Photo Credit: David William Hill
edited and introduced by Louise Law, with Henry Wei Leung
The call for democracy and universal suffrage by Hong Kong people reached critical mass at the end of September 2014, when tens of thousands of protesters occupied the main roads in the city’s central areas. The protesters have been extremely peaceful and organized, but on the second day of protests, the police fired 87 rounds of tear gas into a crowd whose only defense was folding umbrellas. This police action enraged the public, including poets deeply concerned with what has now been called the Umbrella Movement. Fleurs des lettres, a local literary bimonthly in Chinese, kept pace with the movement by launching a Facebook campaign to circulate reactions from authors and poets, in order to rally support as well as to comfort, encourage, inspire, and unify protesters. Among the activities have been outdoor poetry readings at the protest sites. The two poems selected here are from the first days’ campaign and readings.
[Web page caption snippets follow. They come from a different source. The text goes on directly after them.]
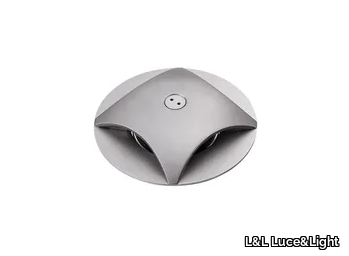 h_Rondò-3-4-L-L-Luce-Light-235671-reld3dce0a9.jpg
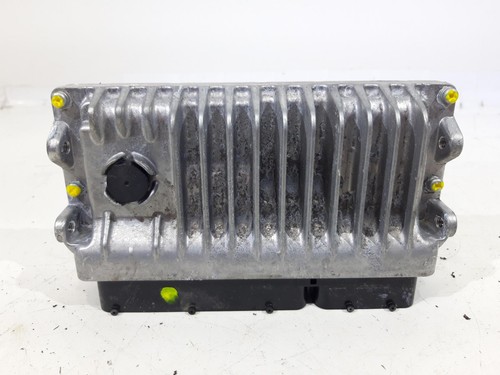 2018 toyota auris ecu - toyota,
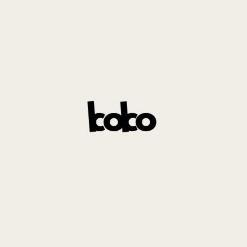 Bobo
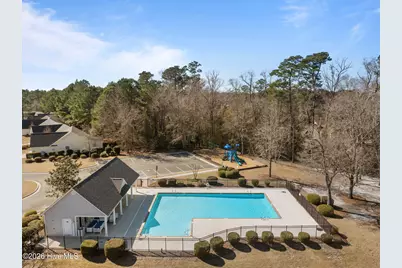 2029 Lapham Drive, Leland, NC 28451 - Photo 36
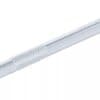 3 mm (1/4") | 150 mm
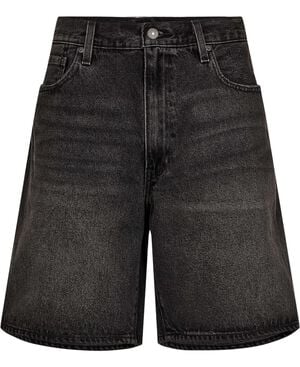 468 LOOSE SHORTS WE GOT MOTION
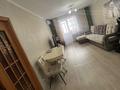 1-комнатная квартира · 52.8 м² · 3/12 этаж, Кубрина 20/1 за 26.5 млн ₸ в Астане, Сарыарка р-н — фото 6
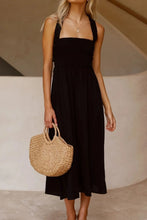 Load image into Gallery viewer, 9b9dcdda-8593-409f-a3e8-3c51d67db462-Max-Origin
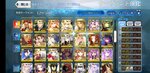 Screenshot_20210117_234618_com.aniplex.fategrandorder.jpg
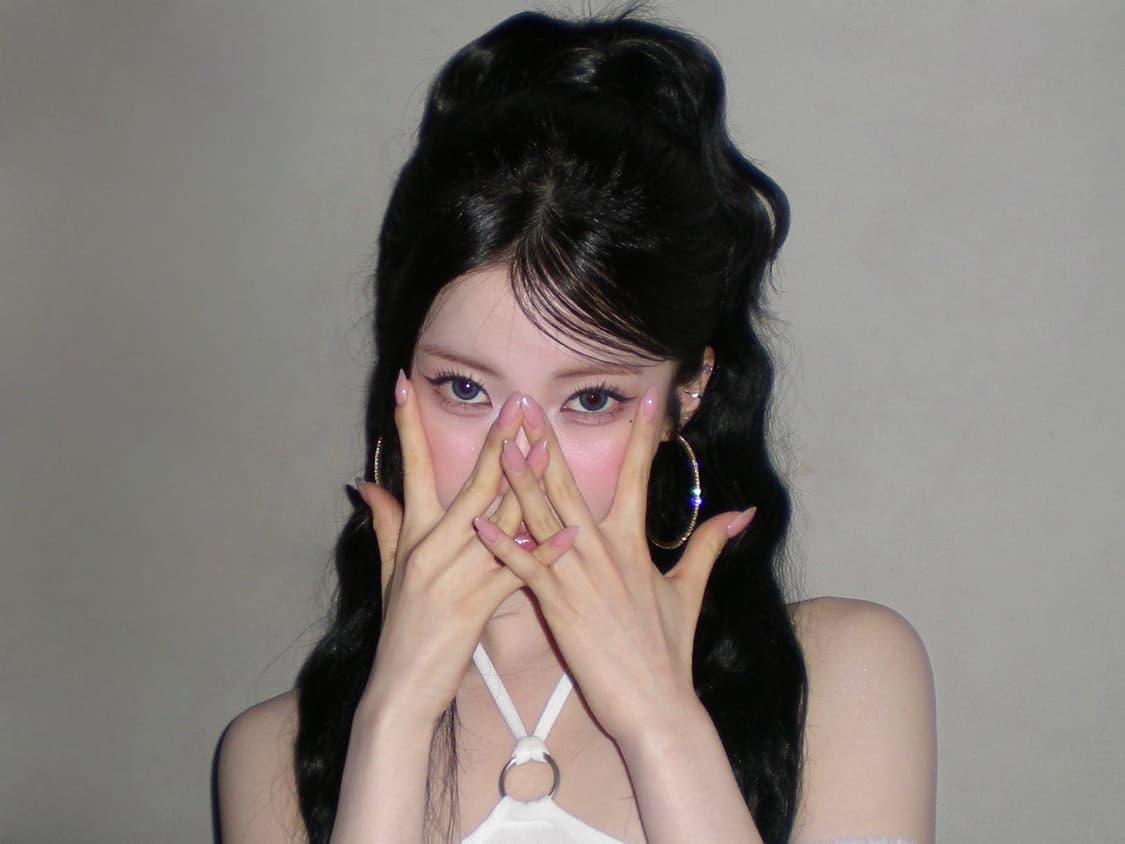 *아사 디카* 니콘 쿨픽스 S200 디카/디지털카메라 상품이미지9
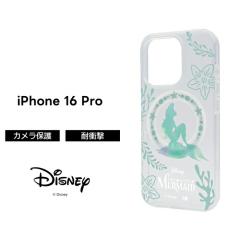 iPhone 16 Pro �P�[�X MagSafe�Ή� �L�����N�^�[ �A���G�� iPhone16Pro �A�C�t�H�� 16�v�� ���͎��� ���C�����X�[�d �\�t�g �X�}�z�P�[�X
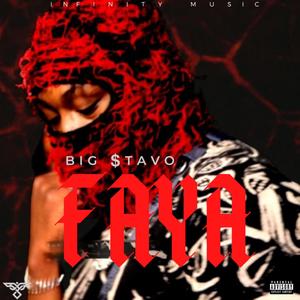 FAYA (Explicit)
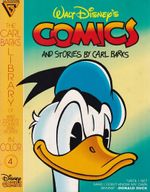 https---www.artesequencial.com.br-imagens-2024-12-Walt-Disneys-Comics-and-Stories-by-Carl-Barks-TPB-4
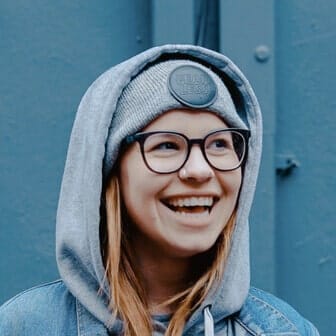 Customers who are trusted by the work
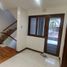 4 Bedroom Villa for sale in Eastern District, Metro Manila, Quezon City, Eastern District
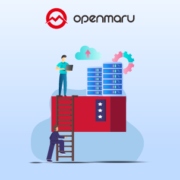 이제는 클라우드 네이티브 (Cloud Native) 기반 온프레미스 2.0 시대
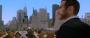 <strong>Liberty City aus GTA 4</strong> - Unsere Trips durch Nico Bellics Revier Liberty City können wir schon gar nicht mehr zählen. Eine grandios inszenierte Stadt, die absolut authentisch funktioniert - auch in den Addons The Ballad of Gay Tony und The Lost and Damned eine Wucht. Wir fragen uns, wann wir wohl endlich alles erkunden haben. Wohl nie...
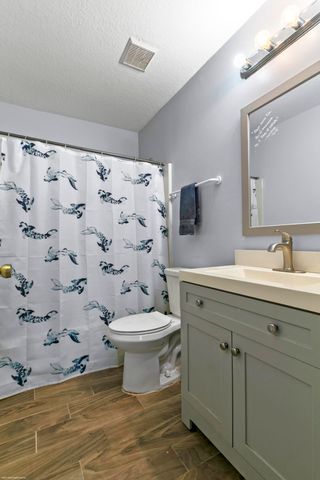 13122 52nd Place S, Wellington, FL 33449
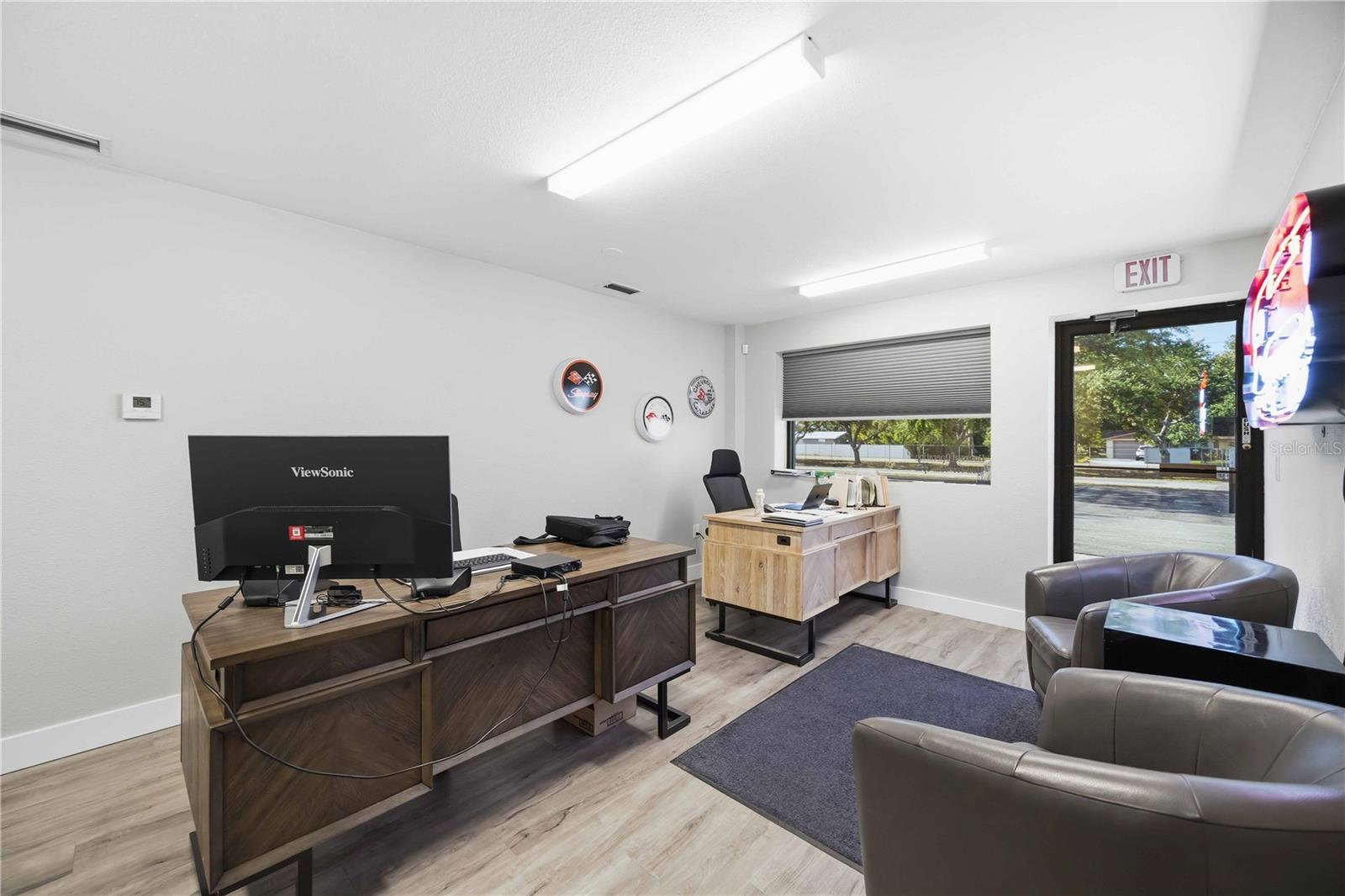 180 ARTISTS AVE, ENGLEWOOD, FL, 34223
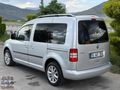 ARİFOĞLU OTO'dan 2011 VW CADDY DSG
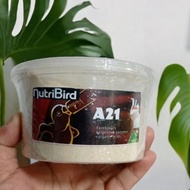 Baby Food​ Nutribird A21 Size 200 g.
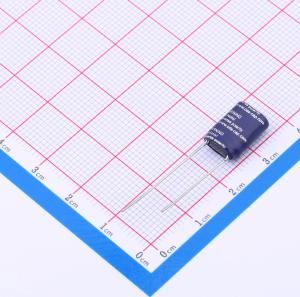 CHP-5R5L124R-TW商品缩略图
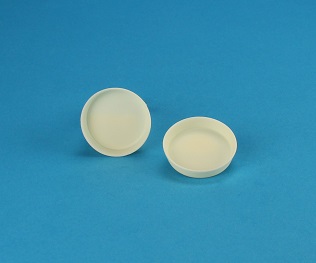 Cerâmico Tampa Tga, para uso com AR9042 – 5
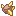 Smooth Rock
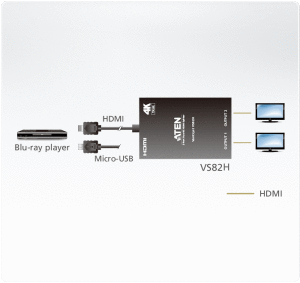 vs82h_d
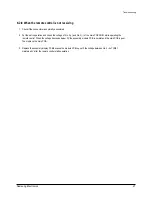 Preview for 28 page of Samsung UQ07S2GE Service Manual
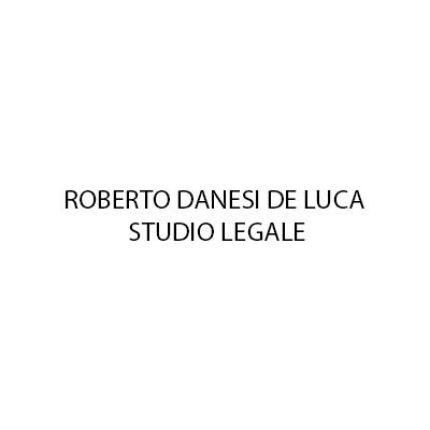 Logo de Roberto Danesi De Luca Studio Legale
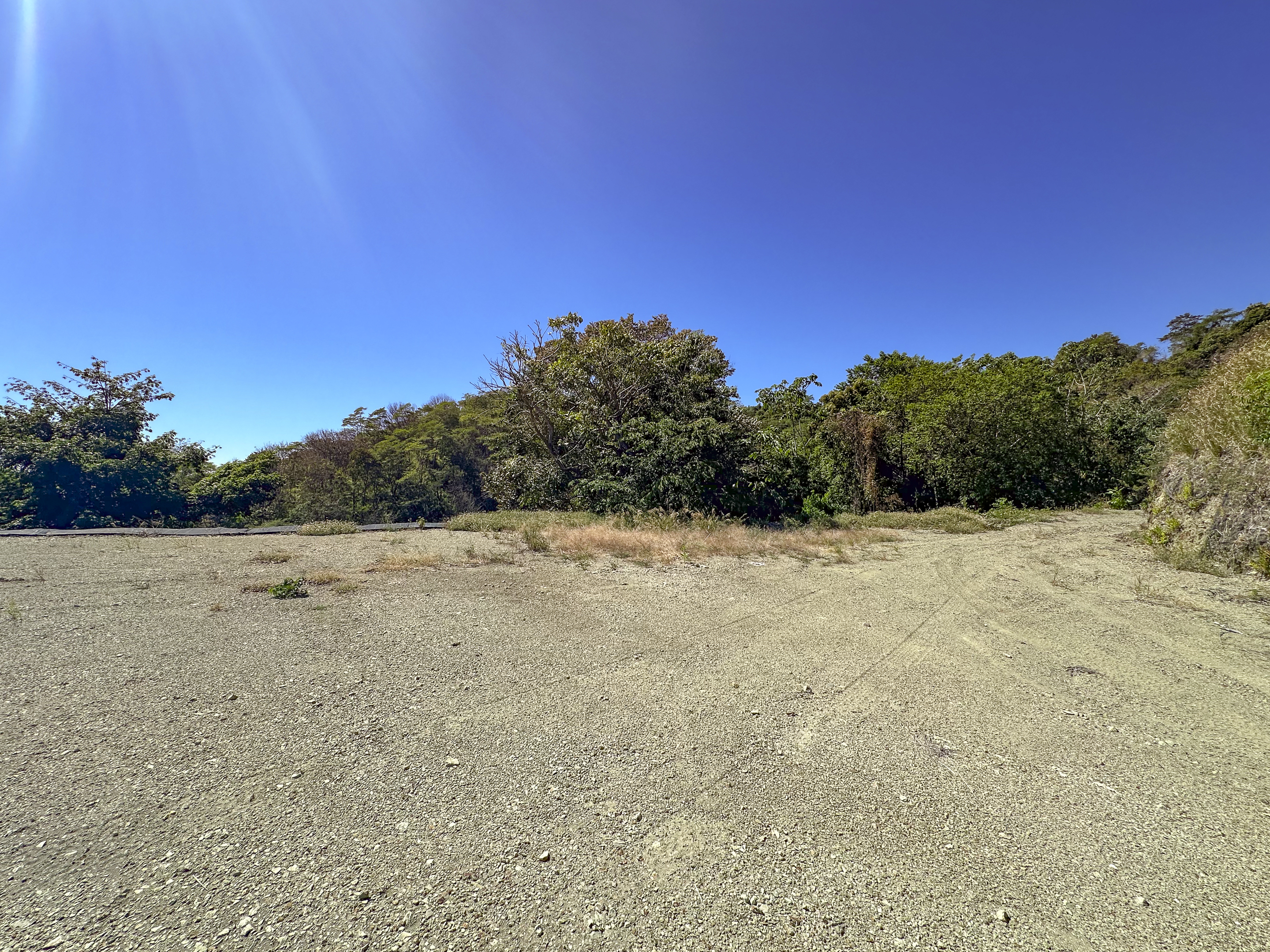 0 bed Land For Sale in Santa Teresa, Puntarenas - thumb 3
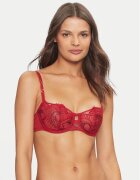 Chantelle Sutien Balconette Mystic C11YM5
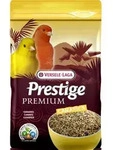 Prestigo Premium -kanarien 2,5 Kg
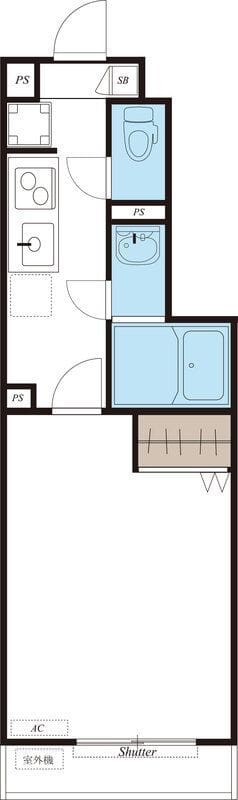 リブリ・シャドゥール 101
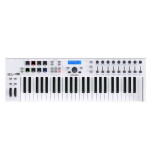 MIDI-клавиатура Arturia KeyLab Essential 49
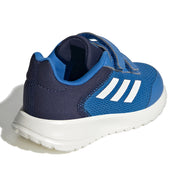 Sneakers Adidas Tensaur Run 2.0 Cf I Bimbo - Blu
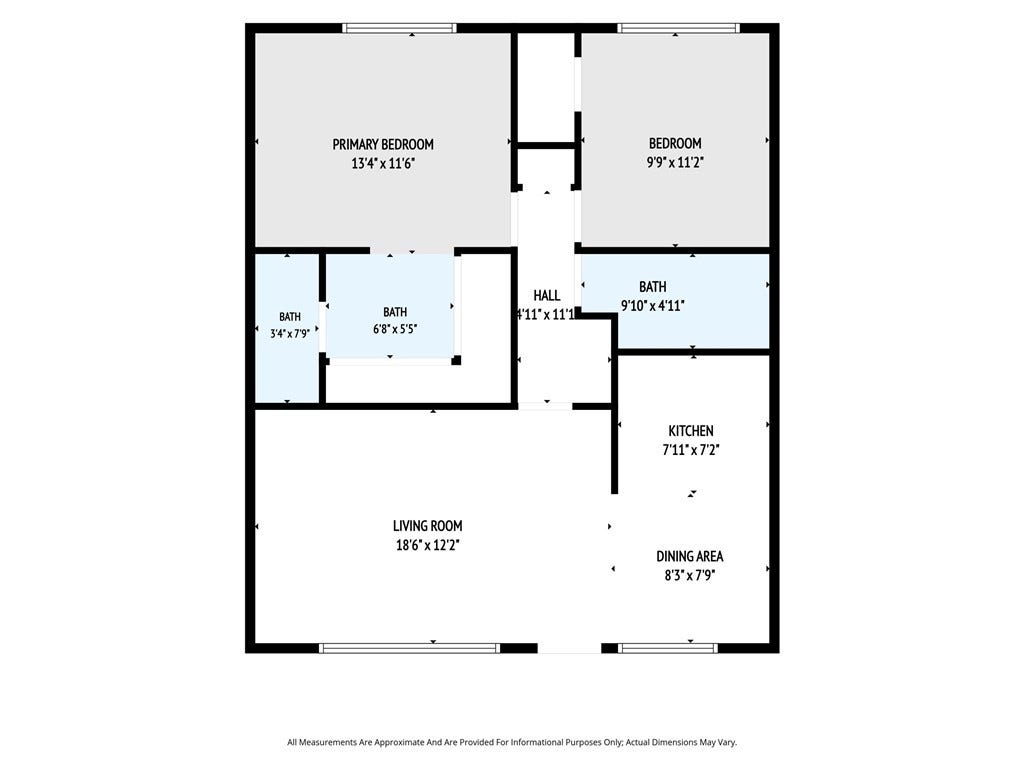 5535 Ackerfield, #8, Long Beach, CA 90805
Two months have passed since then. The protests have seen police beatings, gang activity, crowd violence, upgraded forms of pepper spray, projectiles and excrement thrown from lethal heights, the formation of opposing protests, and rivalries and dissent within the camps. One of the three occupied sites, Mong Kok, was completely cleared by police one morning and reoccupied that same evening; a fourth site in Tsim Sha Tsui was raised and then scattered. Altars to Guan Yu, Jesus Christ, and the Buddha have been built, destroyed, and built again. Each of the remaining sites, including Admiralty and Causeway Bay, have become fragile museums for sculptures, paintings, quilts, banners, origami, t-shirt screen prints, and other visual artworks; and have housed speeches, discussions, soapboxes, class lectures, tutoring, film screenings, ukulele lessons, meals, haircuts. A massive banner proclaiming the demand for genuine universal suffrage was bolted into the symbolic peak of Lion Rock, then removed by authorities, only to be hung again from other hills and heights. Yellow umbrellas have opened at graduations and gatherings. Eloquent student representatives have met with government officials only to be told, in effect, that Hong Kong has no control over its own fate. Three of these students have booked a flight to Beijing to attempt a meeting with China’s government, and have been turned back at the gate because their home-return permits are no longer valid. Many more, including those only marginally involved in the protests, have also found themselves banned from “home.” Mong Kok has been cleared again and remains volatile with a continued police presence; unprovoked police brutality against pedestrians has become indiscriminate. Figureheads of the movement have accepted arrest. Meanwhile, the protests continue to be largely peaceful, articulate, and dialogic, with no individual claiming leadership nor attempting to command the masses.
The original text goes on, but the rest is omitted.